The fee charged from a student every month by a school for the whole session, when the monthly fee is Rs 400.
To do:
We have to check whether in the given situations the list of numbers involved forms an \( A P \).
Solution:
(i) The fee charged from a student every month by a school for the whole session, when the monthly fee is Rs 400.
This implies, the sequence formed(in Rs.) is $400, 400, 400, .......$
In the given sequence,
$a_1=400, a_2=400, a_3=400$
$a_2-a_1=400-400=0$
$a_3-a_2=400-400=0$
Here,
$a_3-a_2=a_2-a_1$
Therefore,
The list of numbers involved in the given situation forms an \( A P \).
(ii) The fee charged every month by a school from Classes I to XII, when the monthly fee for Class I is Rs 250 , and it increases by Rs 50 for the next higher class.

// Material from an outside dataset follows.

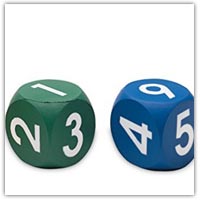 Buy large numbered dice on amazon.co.uk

This implies, the sequence formed(in Rs.) is $250, (250+50), (250+50+50), .......$
The sequence is $250, 300, 350, .......$
In the given sequence,
$a_1=250, a_2=300, a_3=350$
$a_2-a_1=300-250=50$
$a_3-a_2=350-300=50$
Here,
$a_3-a_2=a_2-a_1$
Therefore,
The list of numbers involved in the given situation forms an \( A P \).
(iii) We know that,
Simple interest $=\frac{\text { Principal } \times \text { Rate } \times \text { Time }}{100}$
$=\frac{1000 \times 10 \times 1}{100}$
$=100$
This implies,
The amount of money in the account of Varun at the end of each year(in Rs.) is,
$1000, (1000+100 \times 1),(1000+100 \times 2),(1000+100 \times 3), \ldots $
The sequence formed is,
$1000,1100,1200,1300, \ldots $
In the given sequence,
$a_1=1000, a_2=1100, a_3=1200$
$a_2-a_1=1100-1000=100$
$a_3-a_2=1200-1100=100$
Here,
$a_3-a_2=a_2-a_1$
Therefore,
The list of numbers involved in the given situation forms an \( A P \).
(iv) Let the number of bacteria in a certain food be $x$.
Given that the bacteria double in every second.
This implies,
The number of bacteria after every second is,
$x, 2 x, 2(2 x), 2(2 \times 2 x), \ldots$
The sequence formed is,
$x, 2 x, 4 x, 8 x, \ldots$
In the given sequence,
$a_1=x, a_2=2x, a_3=4x, a_4=8x$
$a_2-a_1=2x-x=x$
$a_3-a_2=4x-2x=2x$
$a_4-a_3=8x-4x=4x$
Here,
$a_3-a_2≠a_2-a_1$
Therefore,
The list of numbers involved in the given situation does not form an \( A P \).